> [WHAT THE TASK ASKS]: Everything in the listing below should be repeated exactly, apart from the pictures.

--- DATA PROVIDED ---

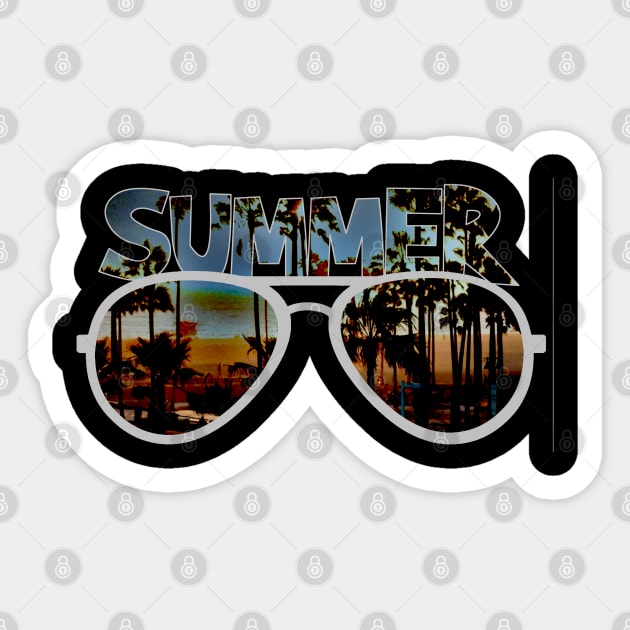 Summer RayBan sunglasses sunset Sticker by KZK101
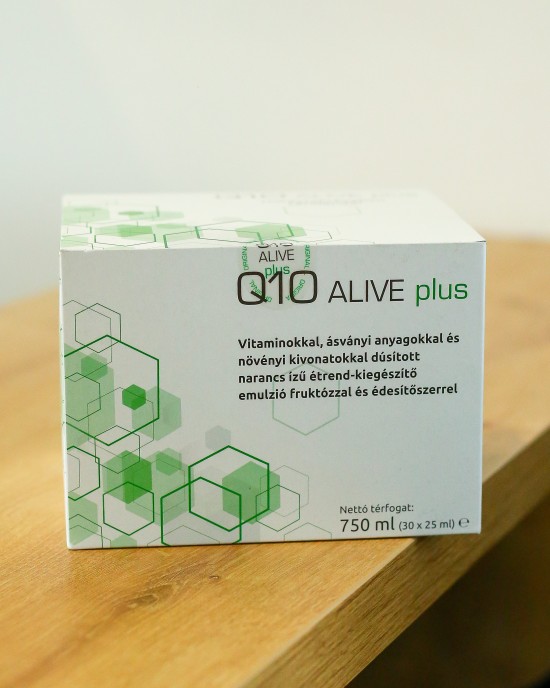 Q10 Alive Plus ivókúra (1 havi adag)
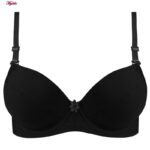 سوتین زنانه لنا مدل پوش آپ فنردار کد 4850 رنگ مشکی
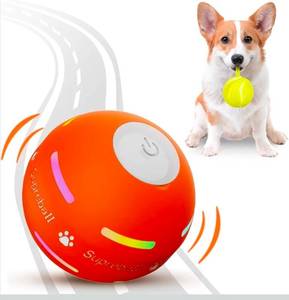 lot 69866 image: Interactive LED Light-Up Dog Ball Toy - Retail $35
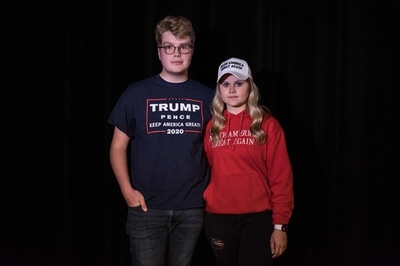 2020年、トランプ氏支持する大統領選初投票の若者たち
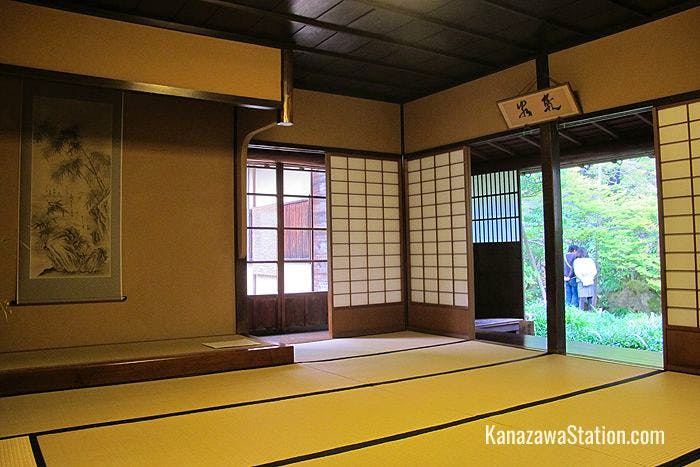 Japanese rooms are measured by the number of tatami mats and this room is quite large with 13.5 mats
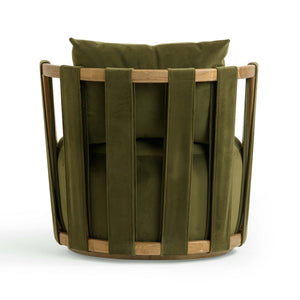 Paolo - Textured Weave Swivel Chair - R&R Furniture Gallery (Fountain Valley, CA)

---

> [RESPONSE TO THE TASK]:
 Summer RayBan sunglasses sunset Sticker by KZK101
 Q10 Alive Plus ivókúra (1 havi adag)
 سوتین زنانه لنا مدل پوش آپ فنردار کد 4850 رنگ مشکی
 lot 69866 image: Interactive LED Light-Up Dog Ball Toy - Retail $35
 2020年、トランプ氏支持する大統領選初投票の若者たち
 Japanese rooms are measured by the number of tatami mats and this room is quite large with 13.5 mats
 Paolo - Textured Weave Swivel Chair - R&R Furniture Gallery (Fountain Valley, CA)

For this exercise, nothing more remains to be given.